The pathological significance of ZIPK in the brain is less studied than that of DAPK1, likely due to differences in the expression patterns. DAPK1 is highly expressed at neuronal synapses, while ZIPK is mainly detected in brain endothelial cells according to previous research [9, 58]. ZIPK modulates endothelial cell contraction by phosphorylating the myosin light chain, thereby affecting the endothelium permeability important for maintaining BBB integrity [47]. The Evans blue assay demonstrated that Zipk+/− mice had less BBB leakage compared with WT mice after brain injury (Fig. 6I), which is consistent with the protection of endothelial-induced deletion of ZIPK against ischemia–reperfusion damage in mice [9]. Since ZIPK was globally downregulated in Zipk+/− mice, we could not exclude the possibility that the preservation of BBB integrity was caused by reduced expression of ZIPK in the endothelium. Apart from characterizing neurite markers directly linked to neuronal survival, we have also analyzed the activation of glial cells in the mouse models, although there was no evident colocalization between ZIPK and GFAP or Iba1 (Fig. 1E). Activation of astrocytes and microglia is an acute and widespread response toward TBI-induced brain damage in the injury area [59]. The breakdown of BBB also exacerbates glial activation by recruiting neutrophils and other immune factors to the injury site, all of which contribute to the focal inflammatory response in TBI [60, 61]. We observed a considerable decrease in GFAP levels (Fig. 6G), and a descending trend in Iba1 signals in Zipk+/− mice after CCI injury. We hypothesize that the attenuation of glial activation after ZIPK knockdown might be attributed to indirect mechanisms such as reduced neuronal damage or BBB breakdown in Zipk+/− mice.

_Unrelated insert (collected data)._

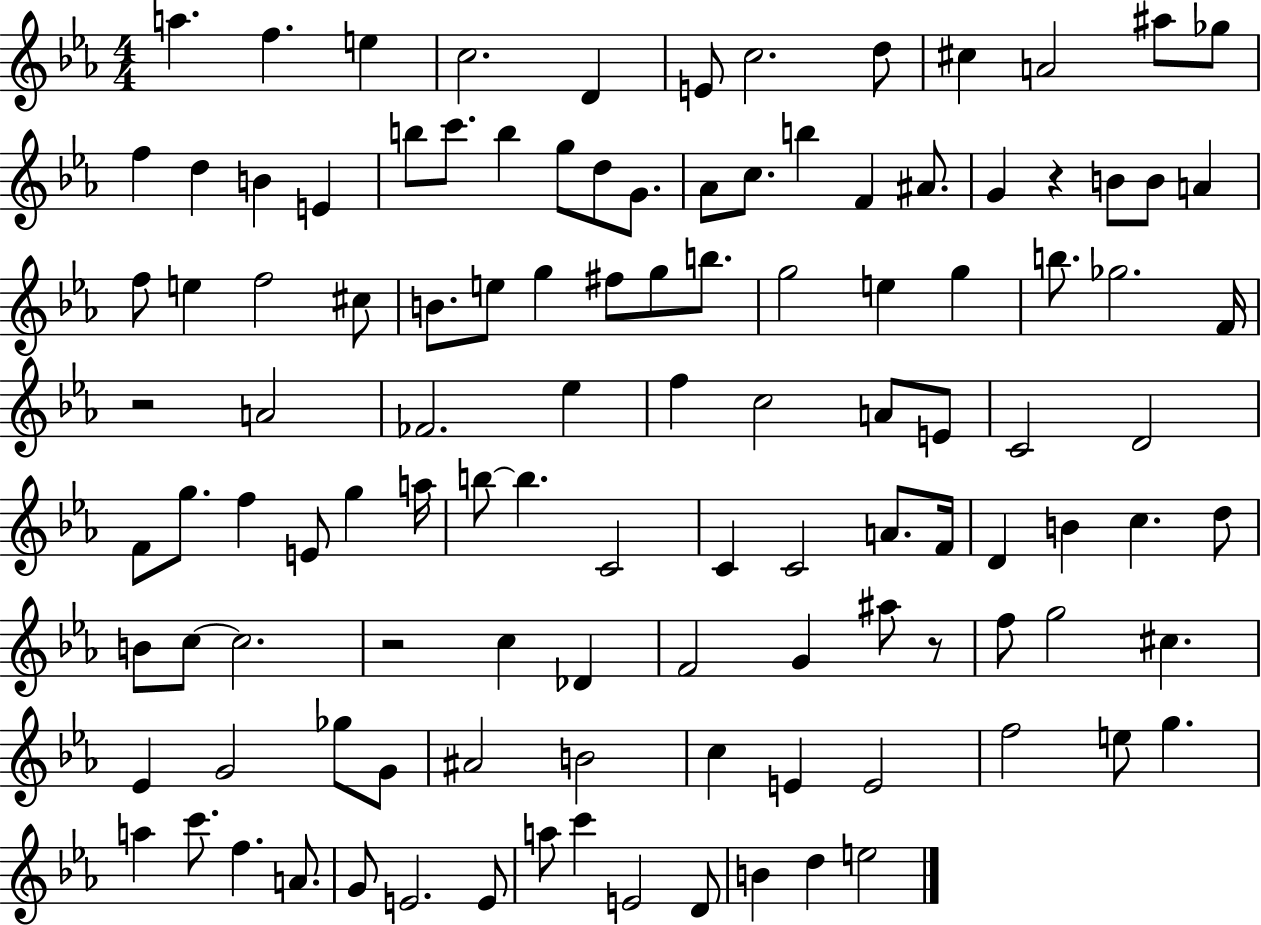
X:1
T:Untitled
M:4/4
L:1/4
K:Eb
a f e c2 D E/2 c2 d/2 ^c A2 ^a/2 _g/2 f d B E b/2 c'/2 b g/2 d/2 G/2 _A/2 c/2 b F ^A/2 G z B/2 B/2 A f/2 e f2 ^c/2 B/2 e/2 g ^f/2 g/2 b/2 g2 e g b/2 _g2 F/4 z2 A2 _F2 _e f c2 A/2 E/2 C2 D2 F/2 g/2 f E/2 g a/4 b/2 b C2 C C2 A/2 F/4 D B c d/2 B/2 c/2 c2 z2 c _D F2 G ^a/2 z/2 f/2 g2 ^c _E G2 _g/2 G/2 ^A2 B2 c E E2 f2 e/2 g a c'/2 f A/2 G/2 E2 E/2 a/2 c' E2 D/2 B d e2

TBI is known to cause short-term and long-lasting behavioral impairments including motor and sensory deficits and neurocognitive sequelae [62, 63]. Anxiety-like behavior and memory dysfunction are two common phenotypes in rodent TBI models [64]. Zipk haploinsufficiency ameliorated TBI-induced anxiety-like phenotype by increasing the exploratory behavior in the open field test (Fig. 7A–D). There was also a moderate but significant improvement in spatial learning and memory behavior in Zipk+/−-TBI mice (Fig. 7E–I). The cognitive recovery is accompanied by a reduction in neuronal loss and the restoration of dendritic and axonal integrity. The beneficial effect of Zipk haploinsufficiency on CCI-induced behavioral impairments is similar to the effect of DAPK1 knockout on long-term cognitive dysfunction in a weight-drop TBI model [21]. We performed analyses for up to 16 days after TBI in the present study, whereas we assessed behavioral phenotypes at 3.5 and 5 months after TBI in the previous study [21]. In the HS38 treatment experiment, we pretreated the mice with ZIPK inhibitor once and determined the efficacy in the acute phase after injury (2 days). HS38 is able to suppress DAPK1 due to the highly homologous kinase domains in DAPK family proteins. Besides, DAPK1 is upregulated after TBI. Although the data from Zipk+/− mice and ZIPK knockdown cells support that partial deletion of ZIPK effectively ameliorated neuronal loss and cognitive impairment, we cannot exclude the potential contribution of DAPK1 inhibition by HS38 in the inhibitor treatment experiments. Further studies are needed to dissect the distinct role of DAPK1 and ZIPK in the pathogenesis of TBI. The long-term effects of ZIPK downregulation or kinase inhibition on TBI-induced cognitive dysfunction warrants further analysis. Notably, Zipk+/− mice performed identically to WT mice in all the behavioral tests, indicating that Zipk haploinsufficiency is unlikely to negatively affect the overall neurological function, which aligns well with the comparable brain morphology and body size between two genotypes. Thus, Zipk haploinsufficiency or conditional knockout could be a viable approach for investigating the pathophysiological role of ZIPK in neurological disorders [30]. Besides, considering the vital function of ZIPK in non-neuronal cells, strategies for the targeted delivery of highly selective ZIPK inhibitors are needed for TBI treatment in the future.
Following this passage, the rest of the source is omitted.